Сейчас среди полуденного жара море, спокойное и блестящее, медленно вздымается, так как блуждающие ветры, покрывавшие его пеной, — умерли.

Одинокий корабль движется тяжело, паруса бьются о мачты. Самый легкий звук улавливается ухом, и самый пустяк привлекает взор наблюдателя.

Ричардсон

Все вспышки капитана Куфа по большей части кончались таким образом. Вспыльчивый по натуре, он скоро уступал более спокойному и добродушному настроению и становился вновь благоразумным.

Служителю отдан был приказ поставить лишний прибор на стол для Гриффина, а капитан со своим вторым лейтенантом вышел на палубу. Там было общее оживление, все с восторгом следили за ловкими маневрами люгера, который спокойно покачивался теперь на воде, сознавая свою безопасность в настоящую минуту.

— Славно было бы изловчиться захватить его теперь, — говорил боцман Странд.

Странд был страстным моряком; он служил вместе с капитаном Куфом еще с того времени, как тот был мичманом, и, зная хорошо его характер, имел на него некоторое влияние, так что нередко случалось, что капитан с ним соглашался в тех даже случаях, когда совершенно не принимал мнений своих лейтенантов. Так и теперь, когда при словах Странда капитан быстро повернул к нему голову, то старший лейтенант Винчестер, заметивший это движение, незаметно сделал знак матросам, и те дружно воскликнули три раза кряду. Это был единственный дозволенный им способ выражать свои пожелания командиру.

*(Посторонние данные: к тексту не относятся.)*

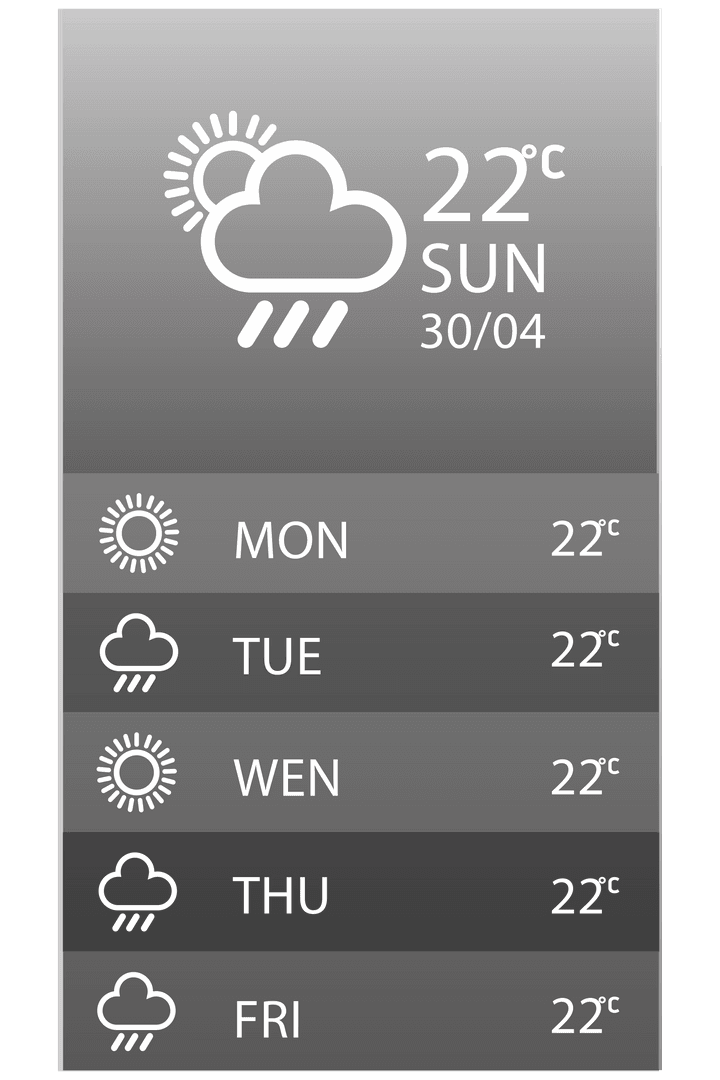 Transparent Weather App Interface Design with Temperature Display - Download Free Stock Images Pikwizard.com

— Мне не очень улыбается рискнуть на атаку на шлюпках среди бела дня, Винчестер, — проговорил капитан. — Малейший промах может нам стоить нескольких человек, и придется новой вербовкой пополнять наш экипаж.

— Но мы льстим себя надеждой, что останемся победителями, капитан, — заметил Винчестер, — и вам ли говорить об осторожности! Мы все знаем за вами не один отважный и очень рискованный случай действий.

— О да, бывало, Винчестер! — улыбнулся капитан самодовольно. — Но этот Рауль Ивар чистый дьявол и увертлив, как змея. Еще если бы можно было найти какую-нибудь фелуку в Порто-Феррайо, довольно значительных размеров, тогда бы можно было попробовать учинить облаву на беглеца.

— Фелуку мы легко найдем, их там стоит до двенадцати штук, по словам Гриффина, и вице-губернатор на нашей стороне.

— В таком случае не взять ли вам человек сорок матросов, Винчестер, по вашему выбору, с ними переправиться на берег, занять одну из фелук и берегом, как бы крадучись, пробираться к люгеру, будто ища его охраны, благо у нас выставлен французский флаг. Когда вы зайдете несколько далее люгера, с нашей стороны шлюпки, до тех пор будто бы гнавшиеся за вами, оцепят его со стороны, ближайшей сюда, а дальнейшее я предоставляю вашей находчивости, лейтенант.

Винчестер пришел в восторг от этого проекта и пять минут спустя уже плыл на шлюпках с отборными молодцами к гавани Порто-Феррайо.

Андреа Баррофальди отнесся очень сочувственно к намерениям английского фрегата. Винчестер нанял одну из фелук, а привезшие его лодки возвратились на «Прозерпину», чтобы с новыми матросами пуститься в мнимую за ним погоню. С берега раздалось несколько пушечных выстрелов по направлению фрегата с целью показать люгеру полное к нему доверие и то, что продолжали считать фрегат французским судном, но при этом постарались промахнуться; с фрегата ответили тем же и отошли несколько далее, как бы желая встать вне выстрелов.